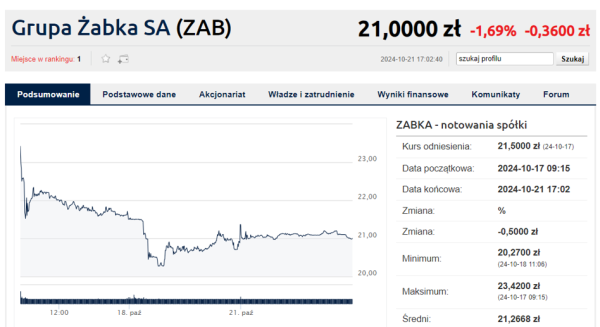 Żabka prawie jak JSW. Do gry wchodzą kontrakty terminowe i gra na spadki - INFBusiness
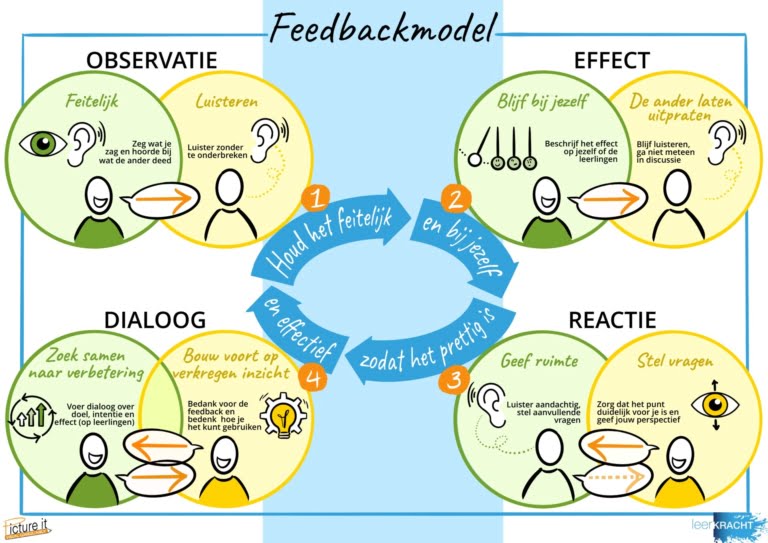 Feedback In Je Team - Stichting LeerKRACHT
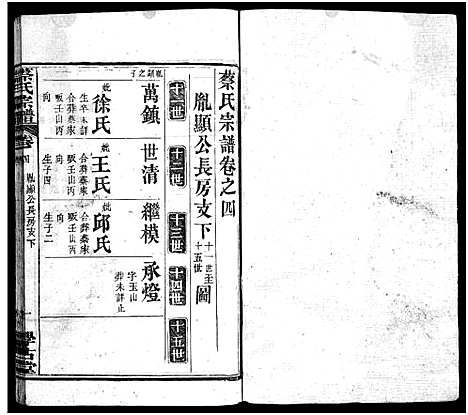 [下载][蔡氏宗谱_6卷首1卷_蔡氏续修宗谱]湖北.蔡氏家谱_五.pdf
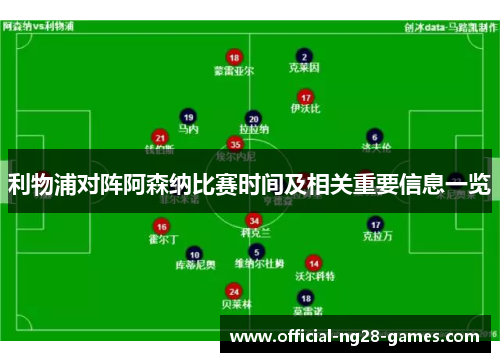 利物浦对阵阿森纳比赛时间及相关重要信息一览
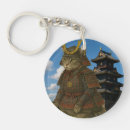 Search for warriors key rings Cat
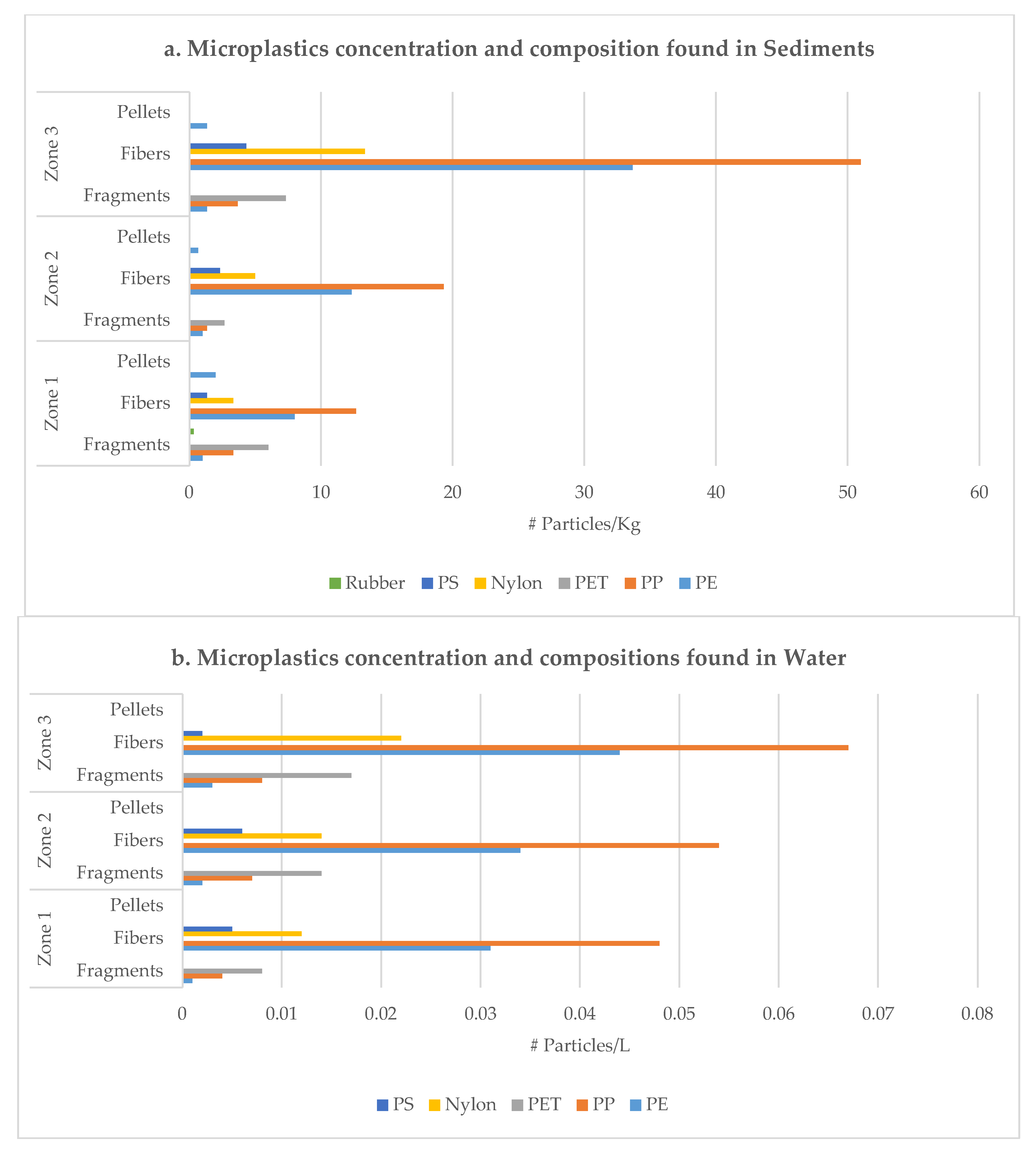 Water 12 01210 g003 550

◆ ◆ ◆

- WORK INSTRUCTION: Leaving the images behind, set down every entry word for word.

- TASK OUTPUT:
 Żabka prawie jak JSW. Do gry wchodzą kontrakty terminowe i gra na spadki - INFBusiness
 Feedback In Je Team - Stichting LeerKRACHT
 [下载][蔡氏宗谱_6卷首1卷_蔡氏续修宗谱]湖北.蔡氏家谱_五.pdf
 利物浦对阵阿森纳比赛时间及相关重要信息一览
 Search for warriors key rings Cat
 Water 12 01210 g003 550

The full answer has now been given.